Revisit:
Crumb
Dir: Terry Zwigoff
1995
Revisit is a series of reviews highlighting past releases that now deserve a second look.
It is hard to believe that Crumb, Terry Zwigoff’s breakthrough documentary about comic book great Robert Crumb, has been out for 15 years. Though Crumb made a triumphant, unexpected return last year with his illustrated version of The Book of Genesis, the notoriously shy artist’s star has never been as visible as it was in 1995 when Zwigoff’s documentary took home the Grand Jury Prize at the Sundance Film Festival.
Director Zwigoff had been a friend of Robert Crumb for years, sharing a similar obsession with old blues 78 rpm records and playing in a band with the artist.

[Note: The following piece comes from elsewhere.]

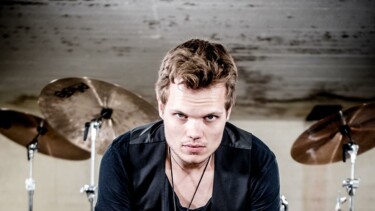 Mann mit schwarzem T-Shirt und Weste sitzt vor Schlagzeug, Hände verschränkt.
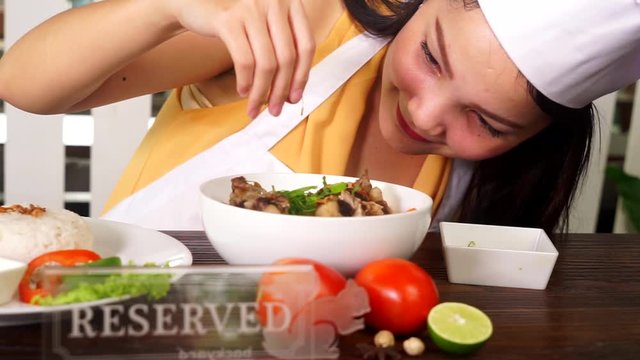 Video footage of a young female chef garnishing Indonesian food Sop Buntut while wearing hat and uniform in the restaurant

Zwigoff spent nine years filming and editing the footage that would eventually become Crumb. If there is any sort of narrative running through the film, it is following the preparations of Crumb and his family to flee California for a new home in France. As we watch the Crumbs slowly extricate themselves from the United States, Zwigoff weaves in footage of the artist’s dysfunctional upbringing and the drawings that stemmed from it, leading Time art critic Robert Hughes to call him the “Brueghel of the last half of the twentieth century.”

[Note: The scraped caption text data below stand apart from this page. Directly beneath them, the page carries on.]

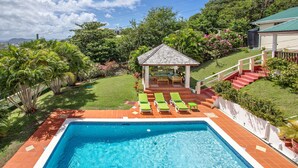 Una piscina con solárium de baldosas, un pabellón y mobiliario exterior.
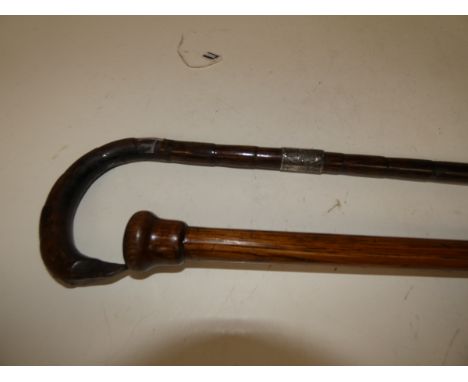 Walking Stick with possibly Silver Collar together with a Walking Cane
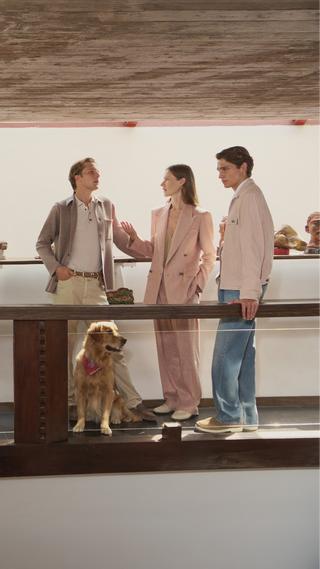 Group of three models wearing neutral-toned luxury clothing including blazers, shirts and trousers in modern gallery space with wooden ceiling and golden retriever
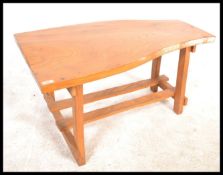 A retro mid 20th Century live edge elm topped coff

But while the film, recently re-released on DVD by the Criterion Collection, focuses on Robert Crumb and his unusual brand of comics that are both funny and repulsive, Crumb gives almost equal focuses to older brother Charles, an artist in his own right that became a drug-addicted recluse, spending his adult years living with his mother before committing suicide in 1992.

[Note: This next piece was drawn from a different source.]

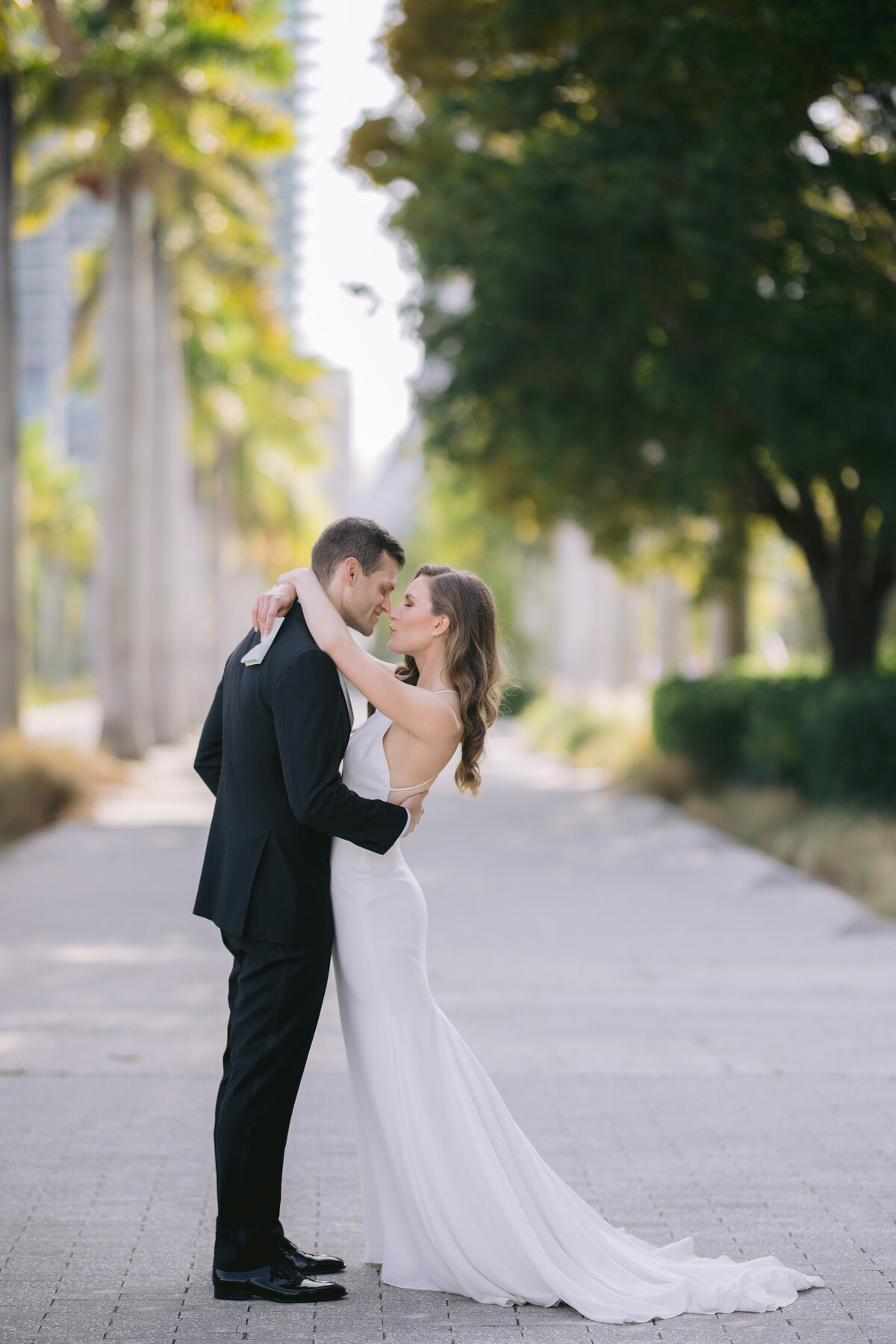 Bride and groom sharing an intimate moment among palm trees in Miami, Florida.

When writing about the film, critic Roger Ebert said, “Among documentaries about artists, Crumb is unusual in having access to the key players and biographical artifacts of Crumb’s entire life.” And this is quite true. Zwigoff is not only given unrestricted access to Crumb himself, but most of his family (two sisters refused to participate) and locations that figured prominently in his art. Most important of all is Charles who, according to Robert, became so obsessed with comics as a child that he conscripted the entire family into drawing them. But while Robert found drawing comics to be a lucrative outlet for battling his inner demons and hang-ups, Charles went further and further off the deep end, eventually filling entire notebooks with tiny scribbles. In his interviews, Charles is both articulate and self-deprecating, but it doesn’t take a shrink to see the heavy psychological damage behind his eyes. But the key rests in why Charles forced Robert and their brother Maxon to draw comics. He used them as a means of escape from a violent-tempered father and amphetamine-addicted mother. But beyond that, these comics created a fantasy world where he could milk a boyhood attraction to Treasure Island star Bobby Driscoll.
Sexual dysfunction is all over Crumb. Many of Robert’s most famous drawings involve monstrous bird-headed women with large asses and breasts or little men diving into a woman’s nether regions and emerging from her mouth. Zwigoff brings in numerous critics, from former Mother Jones editor Deidre English and cartoonist Trina Roberts, to discuss some of Robert’s more controversial works that have been decried as either racist or misogynistic. But putting these depraved scenes that race through his mind on paper is important to Robert. “If I don’t draw for a while, I get really crazy, depressed and suicidal,” Crumb says at the beginning of the film. Rather than condemn Robert for the horrible things he draws, Zwigoff leaves judgment up to the audience. Even English does not damn Crumb for his portrayal of women as commodities. Instead, she just is sad for him.
More than anything else, Crumb depicts a family haunted by a life of pain using the medium of art to reconcile those demons. While each of the three brothers speak in rational tones, you cannot deny the fetishes, attitudes and actions of the trio come from a place of deep hurt. It is rare to see any film reach so deeply, so unafraid into the human experience. It’s a harrowing, but worthwhile experience.